§ Goal of the exercise
Return nothing but the lines from the line with "BECQUET DE COFFRE" through the last line of the entries that follow, copied exactly and free of pictures.
___ Records to use
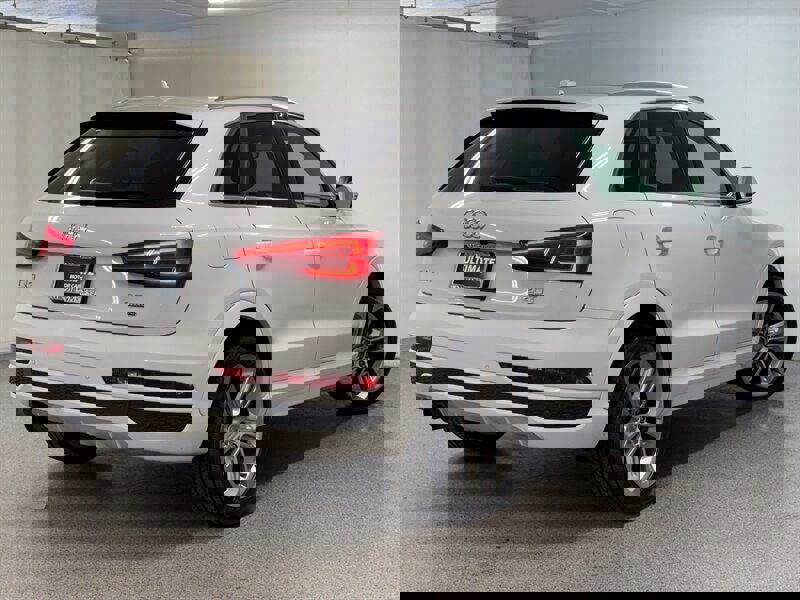 Used 2017 Audi Q3 2.0T Prestige image 6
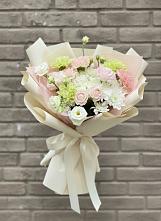 Букет цветов из:  Гвоздики, Розы, Лизиантусы и Хризантемы в Иннополисе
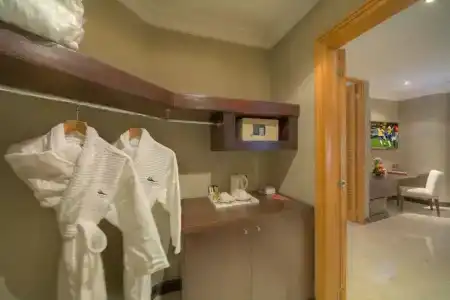 Dubai Marine Beach Resort & Spa - 45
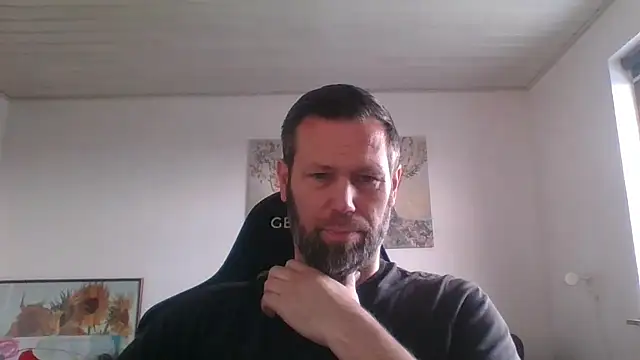 Snapshot of Gotta1 chatting on January 9, 2026, 12:30 pm Gotta1 online show from January 9, 2026, 12:30 pm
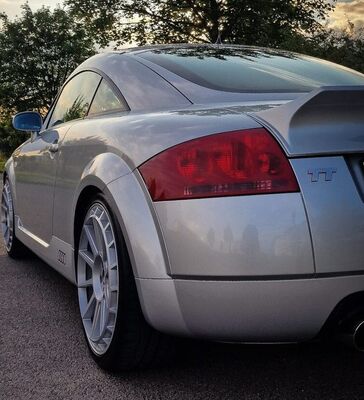 BECQUET DE COFFRE AUDI TT 8N TYPE DUCKTAIL (1998/2006)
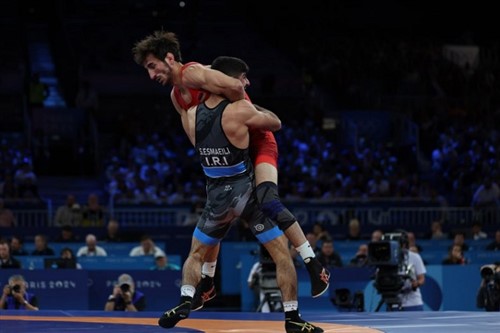 رقابت های کشتی فرنگی جوانان قهرمانی استان خوزستان / اهواز :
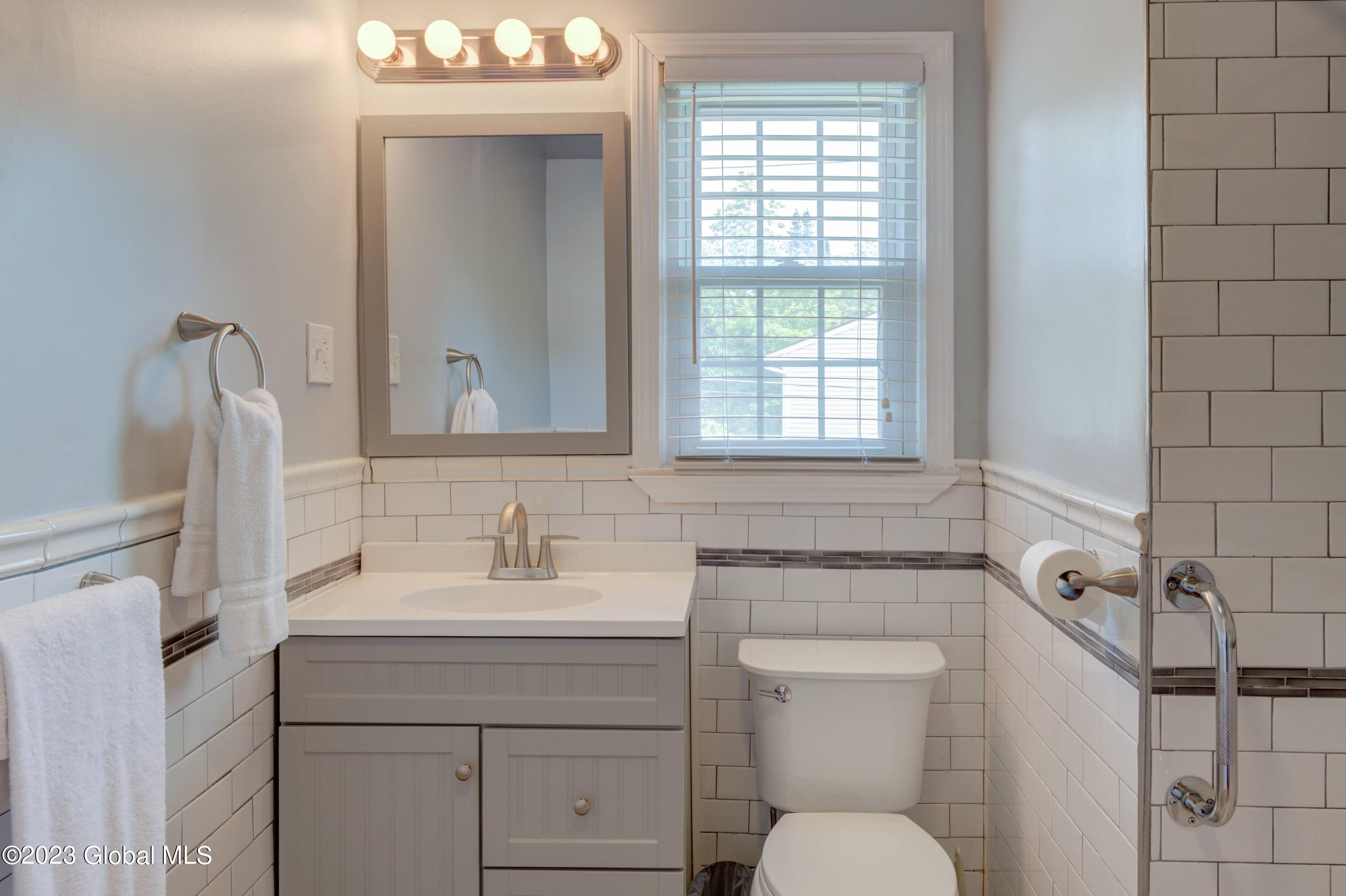 558 Delaware Avenue, Unit 3 Bethlehem, NY 12054 - Photo 27 of 35 24-558 Delaware Ave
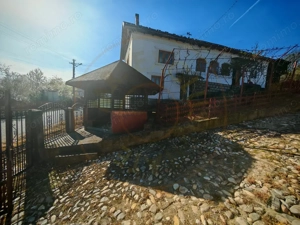 Proprietate compusă din 2 case,3 anexe,teren 3.233 m – Dârmănești, județul Argeș - imagine 18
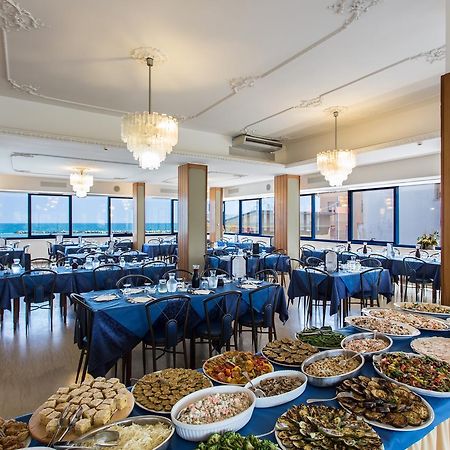 Hotel Miramare Гатео а Маре Екстериор снимка
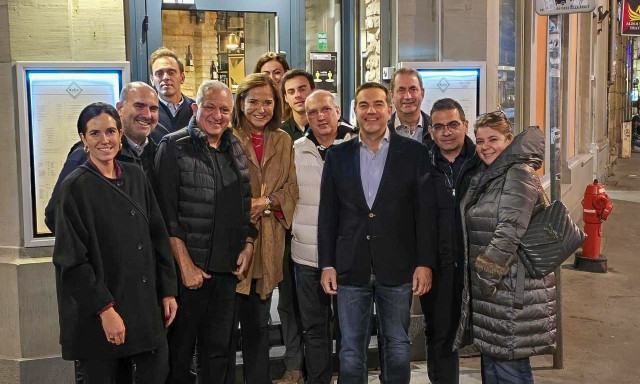 Ντόρα Μπακογιάννη: Ανέβασε φωτογραφία με τον Αλέξη Τσίπρα - «Μία από τις καλύτερες ομάδες»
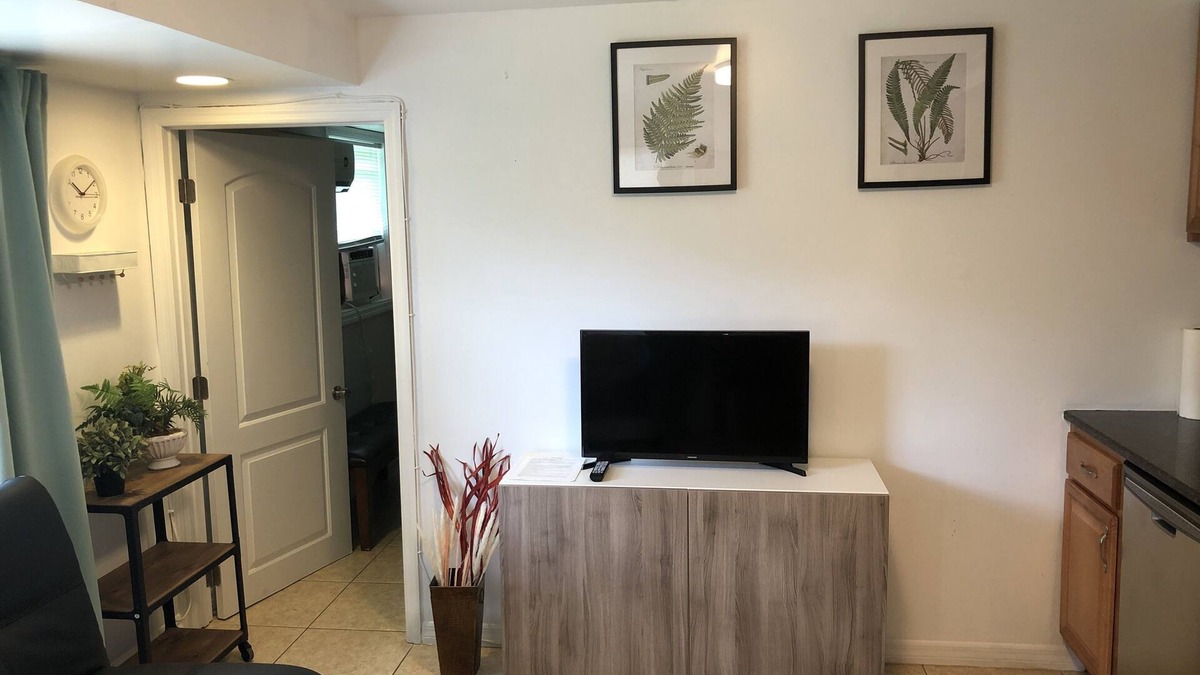 Sarasota Springs Apartment | Sarasota Great Location and Best Price!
______
§ Response box
 BECQUET DE COFFRE AUDI TT 8N TYPE DUCKTAIL (1998/2006)
 رقابت های کشتی فرنگی جوانان قهرمانی استان خوزستان / اهواز :
 558 Delaware Avenue, Unit 3 Bethlehem, NY 12054 - Photo 27 of 35 24-558 Delaware Ave
 Proprietate compusă din 2 case,3 anexe,teren 3.233 m – Dârmănești, județul Argeș - imagine 18
 Hotel Miramare Гатео а Маре Екстериор снимка
 Ντόρα Μπακογιάννη: Ανέβασε φωτογραφία με τον Αλέξη Τσίπρα - «Μία από τις καλύτερες ομάδες»
 Sarasota Springs Apartment | Sarasota Great Location and Best Price!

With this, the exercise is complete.